Remove the garish colors and go with bland boring hospital ward white, and you’ve got an Apple store.
It’s bad when one longs for a return to the ugly beige just for variety. At least the G3’s were colorful – even if it did give them the “Fisher Price my first computer” reputation.
This is the reason many geeks fail to make their products successful. Design is the most important thing when it comes to creating products for consumers. Take a look at touch interfaces. When Apple created the original iPhone, they had a product that did not have as much functionality as other smartphones at the time. However, the little it did, it did in ways that were 10 times easier and better, and a lot of the interface language has since been copied by other phone manufacturers, and not always successfully. And that is innovation! You don’t have to create everything anew, just put it together better, and make it work better. Apple obsesses over the details, and makes sure that their product does what they want it to do very well.
And people do not want crap looking phones either. It’s an important feature for most gagdets.
is they will take something that already exists. a tablet computer, a regular computer. a mp3 player a phone. and just make it like apple makes it. there will be touches of genious. and they like what they do to have a certain perfection to it. example, the iphone. everything actually works on it. the gps works. you can’t say that for every android phone. sometimees the gps wont work, sometimes the alarm fails. you just don’t see that kind of thing with an apple product out of the box. the out of box experience with apple is that you get a product that just works. i think all that happens is apple spends a little more on the design. a little bit of good design goes a long way.
Apple is basically a design company, what innovation comes from Apple ? Apple is a hype, is only “cool”, is a Fashion.
They do make innovative design from time to time, gotta give them that.
Now the true innovation is not really at Apple of course.
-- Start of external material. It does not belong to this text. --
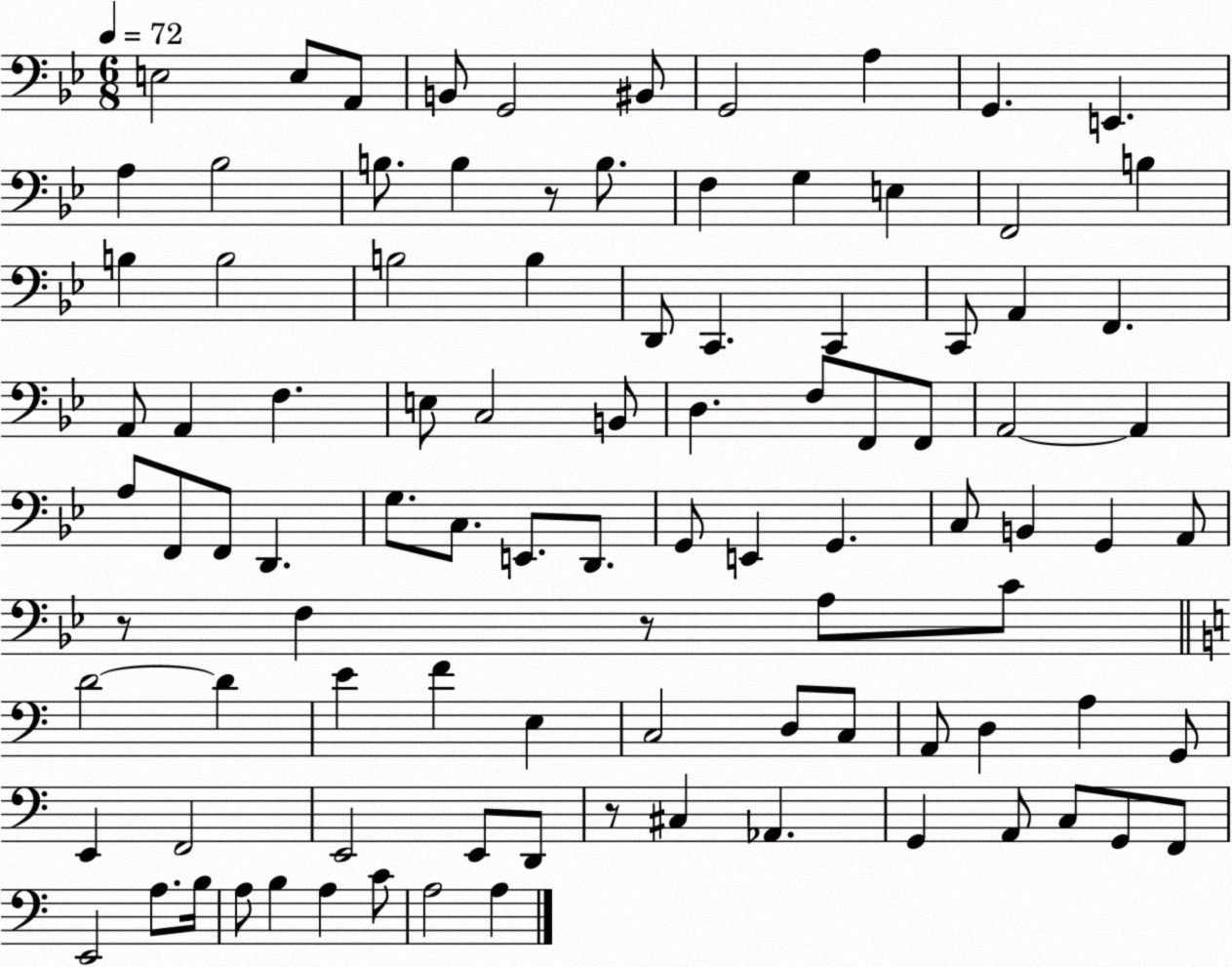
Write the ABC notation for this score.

Could they make an iPhone without the extreme progress of the components inside? And don’t let them fool you, the Apple A4 has next to nothing to do with Apple.
Do you know which company holds the most patents, gets the most patents per day approved, etc?
It’s Samsung.
Samsung makes the memory. The CPU. The GPU. The components in between. The screens. You name it.
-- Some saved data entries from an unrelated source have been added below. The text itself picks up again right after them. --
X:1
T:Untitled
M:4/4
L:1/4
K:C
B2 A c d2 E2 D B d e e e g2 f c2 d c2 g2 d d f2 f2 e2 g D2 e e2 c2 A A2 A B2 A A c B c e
They’re not dumb components either, they absolutely fundamental and have usually a long engineering process behind. The nand chips are smart and self regulating the data for wear management, support any file system.
The GPU has new innovative instructions and faster than anyone elses. Yada yada.
These innovations while necessary and on a far greater scale and complexity than what Apple does (physically design stuff and figure out how to make it look good) are invisible to the general public.
However, they do call themselves the most innovative company in the world due to this, and in a way they’re likely to be correct.